On the other hand, when you have your code ready and want to schedule it you can create a new job cluster, which is ephemeral and will be destroyed at the end of the execution.
If we compared both they have different costs, an interactive cluster can cost as much as 3 times per dbu as a scheduled job (with the current data of azure databricks pricing: 0.40$ vs 0.15$).
When you launch a job you need some “warming up time” for the resources to be allocated and the machines to be configured and ready to start your processes. (On average 7 mins from my experience). Which multiplied by a lot of short-running can result in more time spent warming up than executing. We can configure a set of machines to be ready-to-use called a pool. Pools come with a cost from the virtual machine to be reserved but databricks do not apply charges on idle machines on the pool.
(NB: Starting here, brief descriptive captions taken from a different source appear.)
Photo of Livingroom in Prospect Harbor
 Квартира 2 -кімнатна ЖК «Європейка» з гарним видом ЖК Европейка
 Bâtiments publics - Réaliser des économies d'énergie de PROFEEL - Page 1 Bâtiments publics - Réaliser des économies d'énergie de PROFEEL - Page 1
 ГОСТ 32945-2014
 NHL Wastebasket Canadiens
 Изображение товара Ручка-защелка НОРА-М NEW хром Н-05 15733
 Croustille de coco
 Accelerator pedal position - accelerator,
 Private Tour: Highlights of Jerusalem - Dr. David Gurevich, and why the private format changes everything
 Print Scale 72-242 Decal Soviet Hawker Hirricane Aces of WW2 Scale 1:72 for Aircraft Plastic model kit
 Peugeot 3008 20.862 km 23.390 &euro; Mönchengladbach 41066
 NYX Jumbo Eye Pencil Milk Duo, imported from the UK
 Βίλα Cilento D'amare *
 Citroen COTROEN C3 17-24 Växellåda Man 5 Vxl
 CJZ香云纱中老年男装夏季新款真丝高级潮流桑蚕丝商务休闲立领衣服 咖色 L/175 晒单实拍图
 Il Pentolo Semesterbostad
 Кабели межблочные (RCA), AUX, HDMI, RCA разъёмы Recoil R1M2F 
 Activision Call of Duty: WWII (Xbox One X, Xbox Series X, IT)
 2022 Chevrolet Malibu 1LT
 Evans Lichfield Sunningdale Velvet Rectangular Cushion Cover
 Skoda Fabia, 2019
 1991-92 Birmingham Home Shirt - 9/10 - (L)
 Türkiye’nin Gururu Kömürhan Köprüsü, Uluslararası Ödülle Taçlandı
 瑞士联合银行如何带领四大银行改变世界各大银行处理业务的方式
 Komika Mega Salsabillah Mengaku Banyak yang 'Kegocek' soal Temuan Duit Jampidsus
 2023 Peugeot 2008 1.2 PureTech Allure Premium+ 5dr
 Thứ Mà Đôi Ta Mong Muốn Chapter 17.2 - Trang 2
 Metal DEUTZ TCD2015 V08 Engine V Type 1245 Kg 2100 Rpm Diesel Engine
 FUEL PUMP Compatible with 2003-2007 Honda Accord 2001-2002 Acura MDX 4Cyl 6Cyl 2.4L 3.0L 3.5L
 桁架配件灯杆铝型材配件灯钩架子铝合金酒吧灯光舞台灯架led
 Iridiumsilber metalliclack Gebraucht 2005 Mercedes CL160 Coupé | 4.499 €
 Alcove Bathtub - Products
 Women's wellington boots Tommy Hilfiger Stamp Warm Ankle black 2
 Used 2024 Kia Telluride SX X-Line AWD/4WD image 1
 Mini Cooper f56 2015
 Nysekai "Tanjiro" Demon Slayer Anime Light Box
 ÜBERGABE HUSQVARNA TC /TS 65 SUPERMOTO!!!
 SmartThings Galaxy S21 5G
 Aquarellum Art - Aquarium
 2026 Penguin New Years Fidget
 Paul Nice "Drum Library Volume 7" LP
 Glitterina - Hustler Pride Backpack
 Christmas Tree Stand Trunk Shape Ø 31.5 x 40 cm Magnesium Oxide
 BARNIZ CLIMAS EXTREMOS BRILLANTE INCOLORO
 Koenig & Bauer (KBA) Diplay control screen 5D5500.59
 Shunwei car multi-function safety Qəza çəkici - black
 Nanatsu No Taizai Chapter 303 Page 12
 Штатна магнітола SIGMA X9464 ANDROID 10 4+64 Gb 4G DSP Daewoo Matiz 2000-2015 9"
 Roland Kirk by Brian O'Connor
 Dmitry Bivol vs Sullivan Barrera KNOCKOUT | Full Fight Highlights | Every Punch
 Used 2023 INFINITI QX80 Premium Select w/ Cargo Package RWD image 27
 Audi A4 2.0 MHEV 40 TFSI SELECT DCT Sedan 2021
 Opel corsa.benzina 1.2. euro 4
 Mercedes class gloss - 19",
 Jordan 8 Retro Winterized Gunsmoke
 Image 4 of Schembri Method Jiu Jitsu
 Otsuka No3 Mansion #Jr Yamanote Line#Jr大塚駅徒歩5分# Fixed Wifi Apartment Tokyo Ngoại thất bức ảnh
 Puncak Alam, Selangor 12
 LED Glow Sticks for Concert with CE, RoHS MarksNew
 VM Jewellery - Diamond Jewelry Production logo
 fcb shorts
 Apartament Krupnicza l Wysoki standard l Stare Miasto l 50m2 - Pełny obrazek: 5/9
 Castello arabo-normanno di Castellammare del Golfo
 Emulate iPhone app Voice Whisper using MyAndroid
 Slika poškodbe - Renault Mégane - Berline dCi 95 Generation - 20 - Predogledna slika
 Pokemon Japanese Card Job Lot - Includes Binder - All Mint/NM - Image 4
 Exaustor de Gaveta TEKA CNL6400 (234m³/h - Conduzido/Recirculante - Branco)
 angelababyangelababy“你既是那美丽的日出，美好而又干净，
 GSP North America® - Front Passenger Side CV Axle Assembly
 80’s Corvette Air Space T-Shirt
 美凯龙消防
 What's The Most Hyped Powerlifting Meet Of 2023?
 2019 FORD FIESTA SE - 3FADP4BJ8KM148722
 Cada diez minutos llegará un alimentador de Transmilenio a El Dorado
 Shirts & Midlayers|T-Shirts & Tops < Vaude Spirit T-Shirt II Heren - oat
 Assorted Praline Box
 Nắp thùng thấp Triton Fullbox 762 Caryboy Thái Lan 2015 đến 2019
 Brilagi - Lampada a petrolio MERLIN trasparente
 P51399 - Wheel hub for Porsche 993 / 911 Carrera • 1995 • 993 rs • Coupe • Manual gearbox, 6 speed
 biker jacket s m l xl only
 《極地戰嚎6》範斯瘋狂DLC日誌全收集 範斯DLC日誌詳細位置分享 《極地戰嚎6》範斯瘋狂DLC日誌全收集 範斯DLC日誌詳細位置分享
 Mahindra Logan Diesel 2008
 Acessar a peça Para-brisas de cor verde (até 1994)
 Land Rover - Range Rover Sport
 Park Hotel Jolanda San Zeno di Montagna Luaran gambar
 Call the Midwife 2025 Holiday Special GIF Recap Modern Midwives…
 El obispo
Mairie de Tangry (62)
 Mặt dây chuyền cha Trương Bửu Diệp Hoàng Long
But databricks has this covered, in a pool, you configure the instance type, the name, and three parameters: min idle (the minimum instances that have to be always read on the pool), the max capacity (which establish a limit, and helps with core quotas and other limitations related) and “idle instance auto termination” which ensure that the machines will go off.
If we are running a pipeline at night you can set your pool to have 0 idle instances and auto terminate the job after 15 minutes of idling. With this, your first job will take a bit but subsequent jobs will start sooner. Also when your jobs are finished they will go idle.
When running jobs databricks provides autoscaling but is generally more useful on ad-hoc usage. (it is discouraged on streaming workloads.
Choosing the right cluster
Despite the different types of machines, you can find (compute-optimized, memory-optimized, general purpose…) My typical review process includes going through the ganglia UI metrics and checking for:
- Is the whole CPU being used? We will need more cores
- Are we using all the memory? Check the amount of spill, if that, changes to memory optimized instances.
- Do we have a lot of networking? Fewer bugs bigger instances.
Making cluster configuration easier
We can establish a cluster policy for preconfiguring clusters settings (like credentials for the metastore or the lake configuration) as well as establish maximums in the clusters thus preventing huge clusters to be created.
Also, it allows you to set up clusters tags that are propagated to the virtual so you can monitor team costs later.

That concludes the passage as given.